◆ Supplied data:
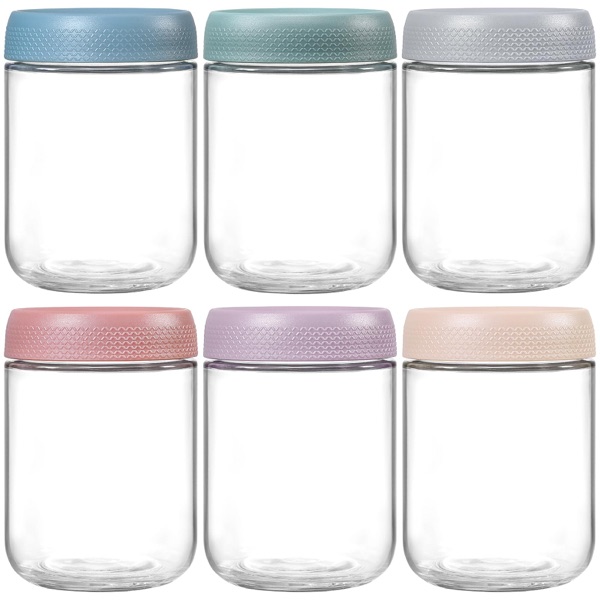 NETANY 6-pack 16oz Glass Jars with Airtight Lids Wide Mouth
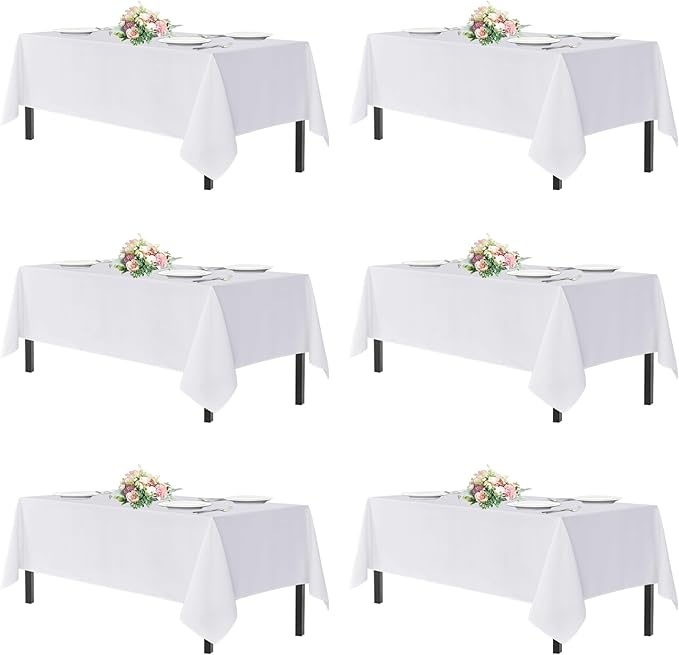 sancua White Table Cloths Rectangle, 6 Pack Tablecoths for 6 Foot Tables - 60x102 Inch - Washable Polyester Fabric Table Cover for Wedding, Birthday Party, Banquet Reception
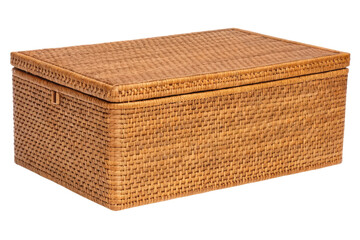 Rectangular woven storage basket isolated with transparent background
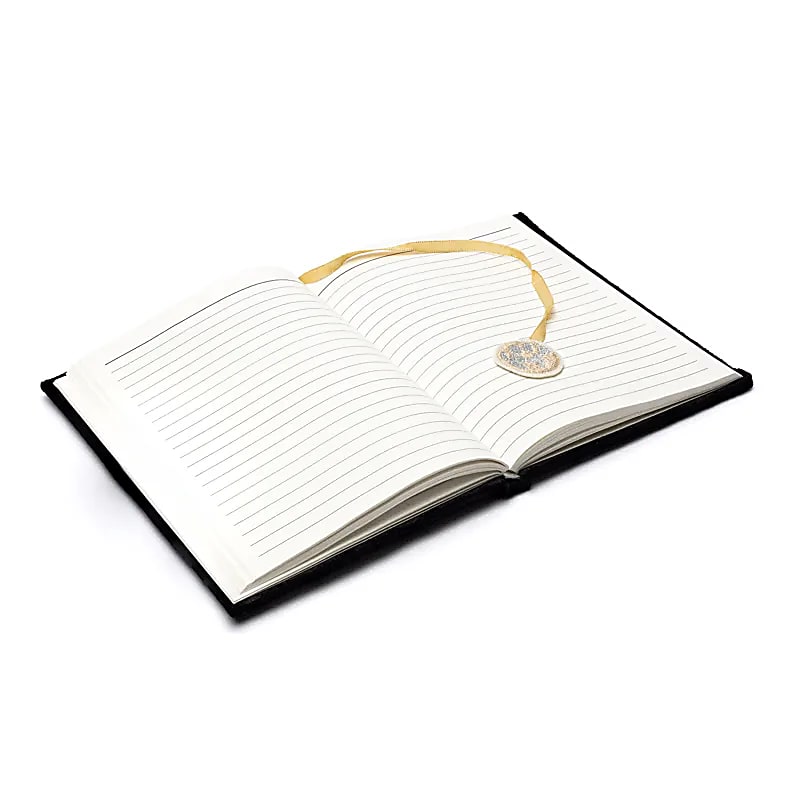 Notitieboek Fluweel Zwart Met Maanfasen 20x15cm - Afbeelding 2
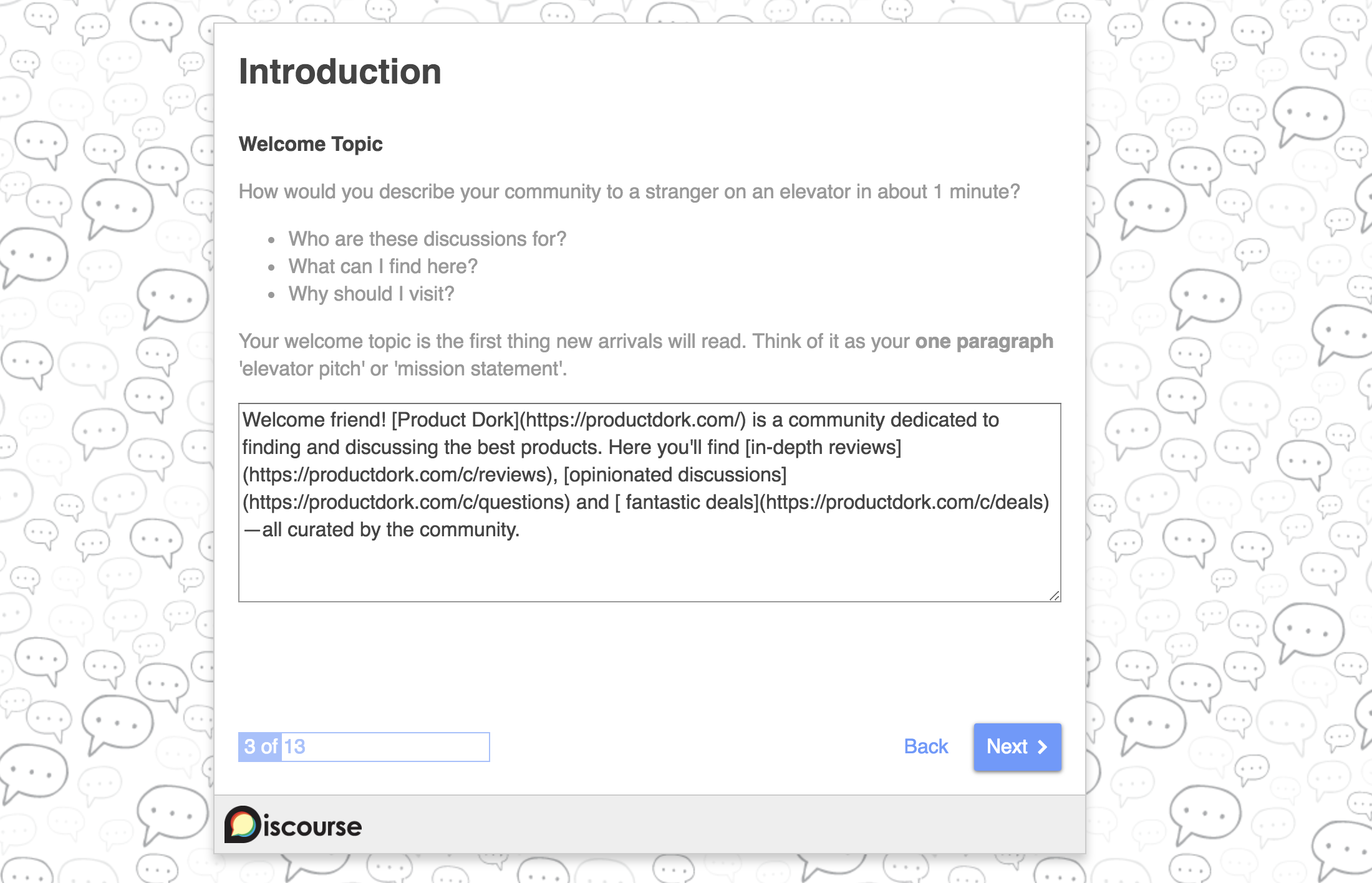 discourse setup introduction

◆ Problem to work on:
The copy should hold exactly the lines from the line containing "Notitieboek Fluweel Zwart" through the end of the data, both ends included, and no pictures.

◆ Task output:
 Notitieboek Fluweel Zwart Met Maanfasen 20x15cm - Afbeelding 2
 discourse setup introduction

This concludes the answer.